Raw data:
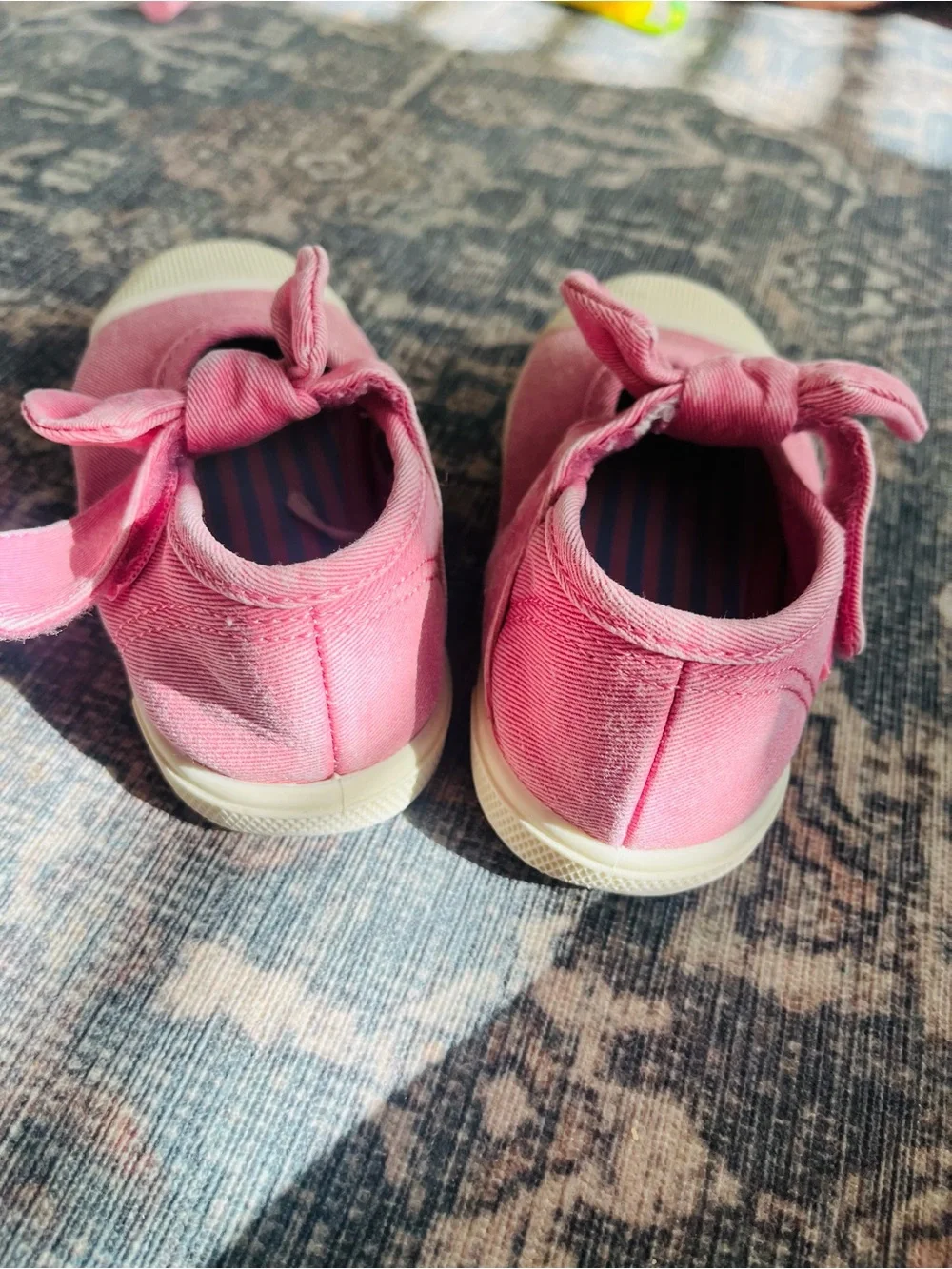 Zara Pink Canvas Bow Slip-On Shoes for toddler size 8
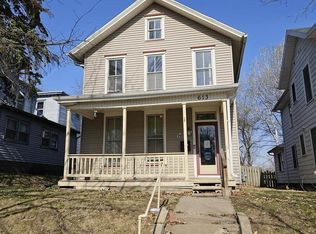 613 W 4th St, Muscatine, IA 52761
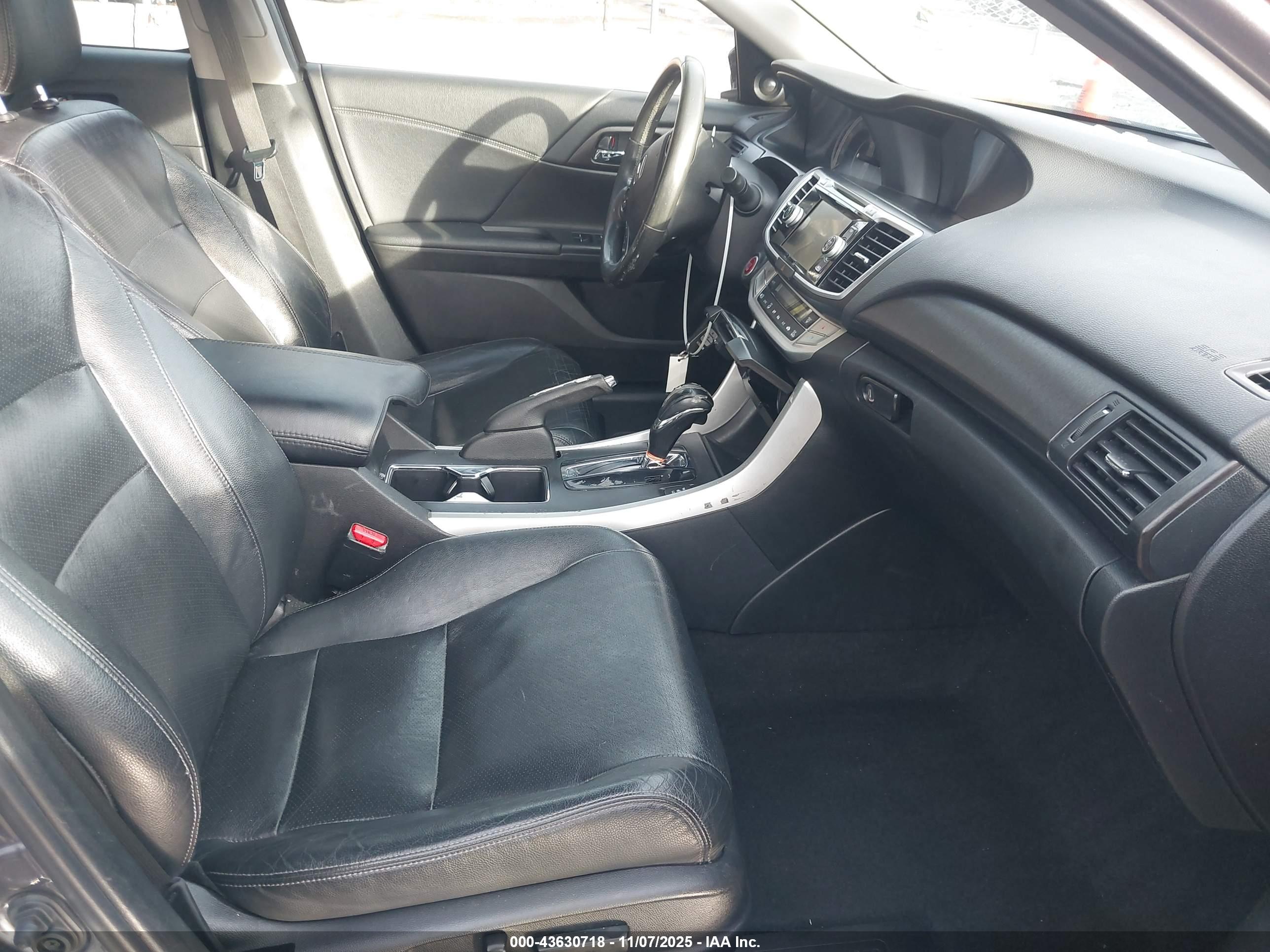 HONDA ACCORD image 5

Brief:
Could you write out verbatim only those lines that run from the line containing "613 W 4th St, Muscatine, IA 52761" through the end of the listing above, both included, without the pictures?

Solution for this task:
 613 W 4th St, Muscatine, IA 52761
 HONDA ACCORD image 5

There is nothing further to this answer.